Auf die Beschwerde der Umgangspflegerin wird der Beschluss des AG Tempelhof-Kreuzberg vom 27.4.2012 unter Zurückweisung des weiter gehenden Rechtsmittels teilweise abgeändert:

Zu Gunsten der Beschwerdeführerin wird eine weiter gehende Vergütung von 1005 EUR festgesetzt.

Im Übrigen wird ihr Antrag zurückgewiesen.

Die Beschwerdeführerin hat die Hälfte der Gerichtskosten zu tragen. Außergerichtliche Kosten sind nicht zu erstatten.

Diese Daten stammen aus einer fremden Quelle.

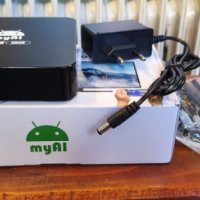 Нови Четириядрен 1.7G tv box myAl T95 5G Android 11 4GB RAM 64GB ROM 12 месеца гаранция  от вносител, снимка 14 - Лаптопи за дома - 39209690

Der Wert des Beschwerdeverfahrens beträgt 2561,50 EUR.

 

Gründe

I. Die Beschwerdeführerin wurde mit Beschluss des AG Tempelhof-Kreuzberg vom 31.1.2011 zur Umgangspflegerin bestellt. Mit geänderter Rechnung vom 21.10.2011 (Blatt 145) begehrt sie für 93 geleistete Stunden nebst Auslagen eine Gesamtvergütung von 3251,50 EUR. Die Rechtspflegerin des AG hat mit Beschluss vom 27.4.2012 eine Vergütung nebst Auslagen von insgesamt 690 EUR festgesetzt und dabei insgesamt 20 Stunden als vergütungsfähig angesehen. Ein weiter gehender Zeitaufwand sei nicht gerechtfertigt, da es ausgereicht hätte, sich nach dem Umgang bei den Beteiligten über den Verlauf zu erkundigen und gegebenenfalls "Verbesserungsvorschläge" zu machen.

Gegen diesen ihr am 4.5.2012 zugestellten Beschluss wendet sich die Umgangspflegerin mit ihrer am 16.5.2012 bei dem AG eingegangenen Beschwerde. Sie habe lediglich in dem Umfang Zeit in Gespräche mit den Eltern und die Teilnahme an Aktivitäten des Vaters im Zuge der Ausübung seines Umgangsrechts investiert, in dem es erforderlich gewesen sei, die Eltern wieder in die Lage zu versetzen, den Umgang zum Wohle der Kinder untereinander zu regeln und die Kinder zu entlasten. Die Mutter habe massive Vorbehalte gegen die Ausübung des Umgangsrechts durch den Vater gehabt. Im Hinblick auf diese Vorwürfe habe der Vater von ihr beobachtet werden müssen, wodurch es ihr gelungen sei, Vorbehalte der Mutter abzubauen. Als sie sich an zwei Terminen der üblichen Vorbesprechung mit dem Vater und einer Anwesenheit während des Umgangs enthalten habe, habe es sogleich wieder Meinungsverschiedenheiten zwischen den Eltern, insbesondere hinsichtlich der pünktlichen Ablieferung der Kinder durch den Vater gegeben.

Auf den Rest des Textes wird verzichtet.